▸ **GIVEN INFORMATION**
..............................
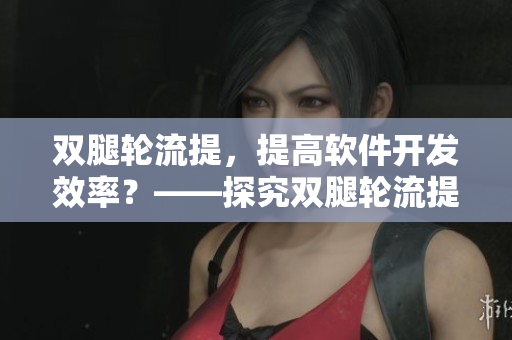 双腿轮流提，提高软件开发效率？——探究双腿轮流提对软件开发效率的影响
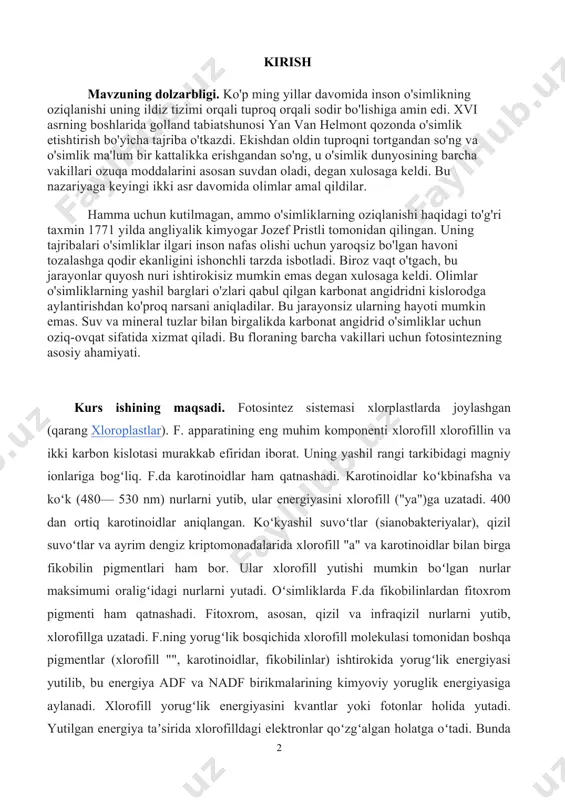 ikda karbonat angidrid o'simliklar uchun oziq-ovqat sifatida xizmat qiladi. bu floraning barcha vakillari uchun fotosintezning asosiy ahamiyati. kurs ishining maqsadi. fotosintez sistemasi xlorplastlarda joylashgan (qarang xloroplastlar). f. apparatining eng muhim komponenti xlorofill xlorofillin va ikki karbon kislotasi murakkab efiridan iborat. uning yashil rangi tarkibidagi magniy ionlariga bogʻliq. f.da karotinoidlar ham qatnashadi. karotinoidlar koʻkbinafsha va koʻk (480— 530 nm) nurlarni yutib, ular energiyasini xlorofill ("ya")ga uzatadi. 400 dan ortiq karotinoidlar aniqlangan. koʻkyashil suvoʻtlar (sianobakteriyalar), qizil suvoʻtlar va ayrim dengiz kriptomonadalarida xlorofill "a" va karotinoidlar bilan birga fikobilin pigmentlari ham bor. ular xlorofill yutishi mumkin boʻlgan nurlar maksimumi oraligʻidagi nurlarni yutadi. oʻsimliklarda f.da fikobilinlardan fitoxrom pigmenti ham qatnashadi. fitoxrom, asosan, qizil va infraqizil nurlarni yutib, xlorofillga uzatadi. f.ning yorugʻlik bosqichida xlorofill molekulasi tomonidan boshqa pigmentlar (xlorofill "", karotinoidlar, fikobilinlar) ishtirokida yorugʻlik energiyasi yutilib, bu energiya adf va nadf birikmalarining kimyoviy yoruglik energiyasiga aylanadi. xlorofill yorugʻlik energiyasini kvantlar yoki fotonlar holida yutadi. yutilgan …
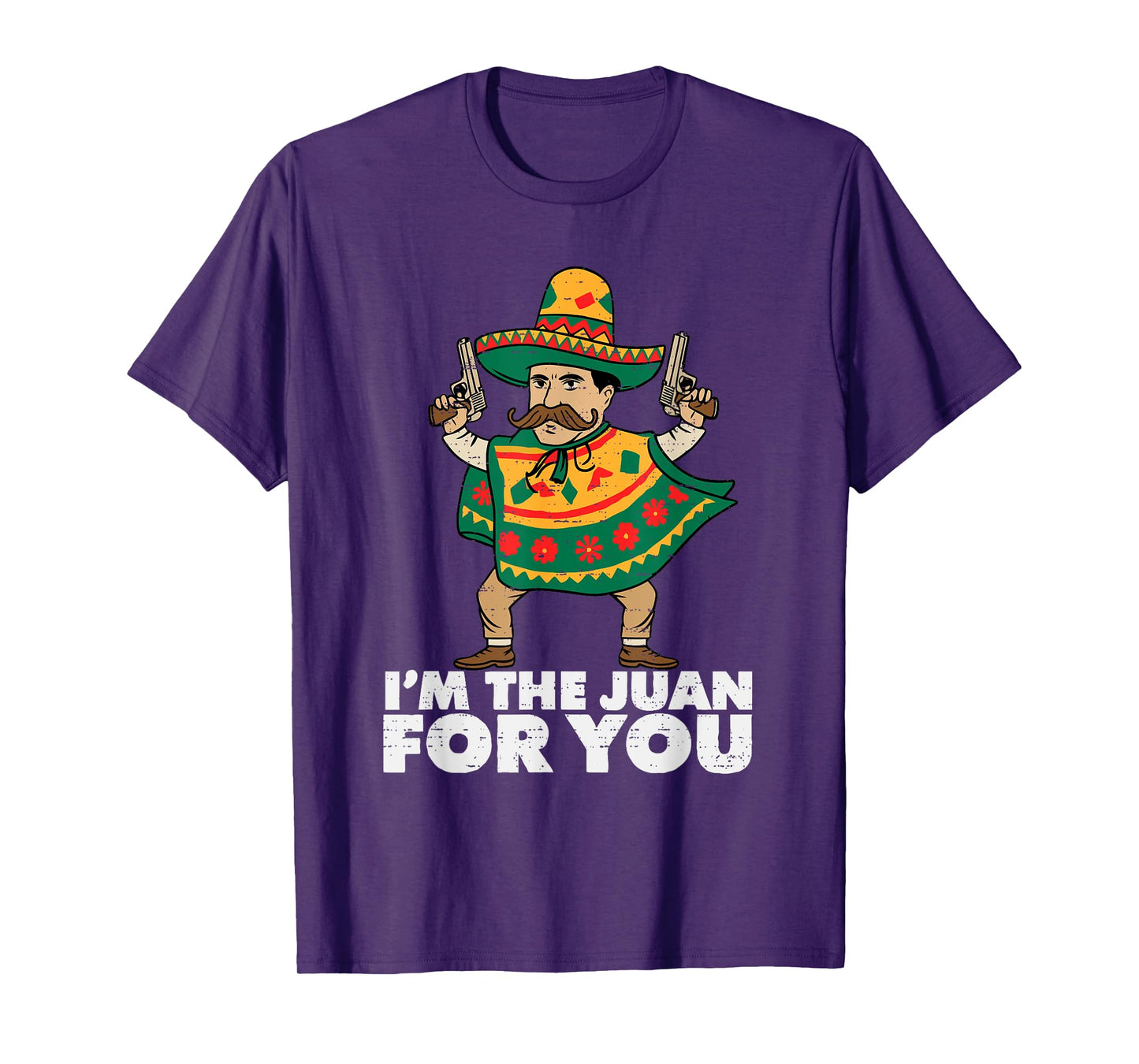 Im The Juan For You Funny Cinco De Mayo Mexican Fiesta Party T-Shirt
..............................
Repeat the material above word for word but skip the images.

 双腿轮流提，提高软件开发效率？——探究双腿轮流提对软件开发效率的影响
 ikda karbonat angidrid o'simliklar uchun oziq-ovqat sifatida xizmat qiladi. bu floraning barcha vakillari uchun fotosintezning asosiy ahamiyati. kurs ishining maqsadi. fotosintez sistemasi xlorplastlarda joylashgan (qarang xloroplastlar). f. apparatining eng muhim komponenti xlorofill xlorofillin va ikki karbon kislotasi murakkab efiridan iborat. uning yashil rangi tarkibidagi magniy ionlariga bogʻliq. f.da karotinoidlar ham qatnashadi. karotinoidlar koʻkbinafsha va koʻk (480— 530 nm) nurlarni yutib, ular energiyasini xlorofill ("ya")ga uzatadi. 400 dan ortiq karotinoidlar aniqlangan. koʻkyashil suvoʻtlar (sianobakteriyalar), qizil suvoʻtlar va ayrim dengiz kriptomonadalarida xlorofill "a" va karotinoidlar bilan birga fikobilin pigmentlari ham bor. ular xlorofill yutishi mumkin boʻlgan nurlar maksimumi oraligʻidagi nurlarni yutadi. oʻsimliklarda f.da fikobilinlardan fitoxrom pigmenti ham qatnashadi. fitoxrom, asosan, qizil va infraqizil nurlarni yutib, xlorofillga uzatadi. f.ning yorugʻlik bosqichida xlorofill molekulasi tomonidan boshqa pigmentlar (xlorofill "", karotinoidlar, fikobilinlar) ishtirokida yorugʻlik energiyasi yutilib, bu energiya adf va nadf birikmalarining kimyoviy yoruglik energiyasiga aylanadi. xlorofill yorugʻlik energiyasini kvantlar yoki fotonlar holida yutadi. yutilgan …
 Im The Juan For You Funny Cinco De Mayo Mexican Fiesta Party T-Shirt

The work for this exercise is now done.